No, I really mean criminally. This is a bone of contention (pun grudgingly intended) with the fanbase, which just won’t let go of the fact that Reigen had a visual upgrade in translating his source manga to the anime. Consider:

Now that the anime’s in its second season, the “why is Reigen sexy?” crowd has gone from vague amusement to just straight up shouting. I could get into why a line like “the animators want to fuck Reigen” makes me uncomfortable from the standpoint of an asexual person, but it’s really less about that and more about willful misrepresentation of what animating is like. The notion that a fucky character necessarily means the animators personally want have sex with them is a bit like suggesting Alice in Wonderland was drawn on aci–

*touches earpiece* OK I’m getting word that actually the animators have been asked about this and yeah, they just wanna fuck him:

“So I made his movements somewhat sexy on purpose to avoid making the sequence too plain. I also talked with the female producing staff at [animation production house] BONES and asked her opinion, like what would turn them on. [laugh] So, I enjoy the reactions from Reigen’s fans, as I can see that the message is conveyed and that pleases me.”

Look, my point here isn’t that fucky Reigen is a free speech issue, that SJWs are trying to censor muh vagina bones, that there is something ethically correct about sexifying a character. Reigen is sexy, but he’s not “overactive boob physics and painful cameltoe” sexy. And even if he were, the animators at Bones are obviously free to draw whatever they like. My argument is actually more along the lines of: 1) please stop, the joke’s getting old, and 2) it’s not actually that hard to understand why things turned out this way.

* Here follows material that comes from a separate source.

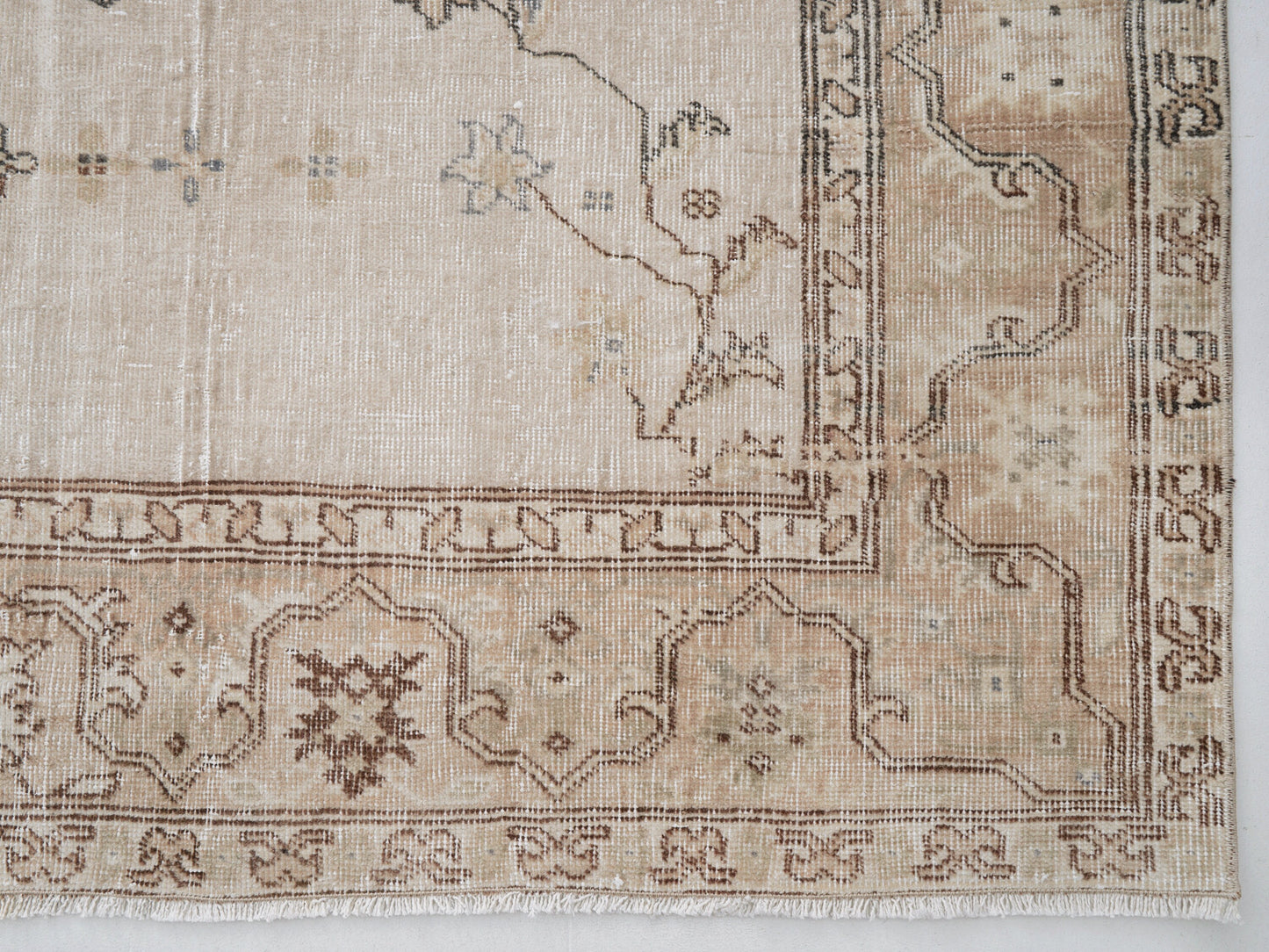 Turkish Vintage Oushak Rug, Handmade Area Rug, Neutral Floor Rug, Living Room Rug, Carpet Rug, Turkish Carpet, Coastal Decor, Rug 6x9, 12501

To back up for those unfamiliar with the series: Arataka Reigen is a professional fraud, a fast-talking huckster of fake exorcisms and phony seances. One day, a young boy (nicknamed Mob, a term for an anonymous background character) shows up asking for help controlling his actually real, frequently destructive psychic powers. Reigen smells a business opportunity: he takes Mob on as an “apprentice,” promising to mentor him while in fact shepherding him out to take care of any assignment that ends up involving real spirits. Reigen pays him mere pennies while raking in huge premiums from desperate, gullible clients.

And, just to reiterate, this guy is one of the most beloved anime characters of recent memory. He’s got an entire hashtag on Twitter — #RedrawReigen — devoted to drawing him into as many outrageous memes and stock art as possible. And there is a frankly entirely believable amount of porn of him, mostly pairing him with an evil snot-ghost because that’s the only other adult character in the main cast. Why? How? What went wrong for things to turn out this way?

Reigen is sexy because Reigen was always sexy.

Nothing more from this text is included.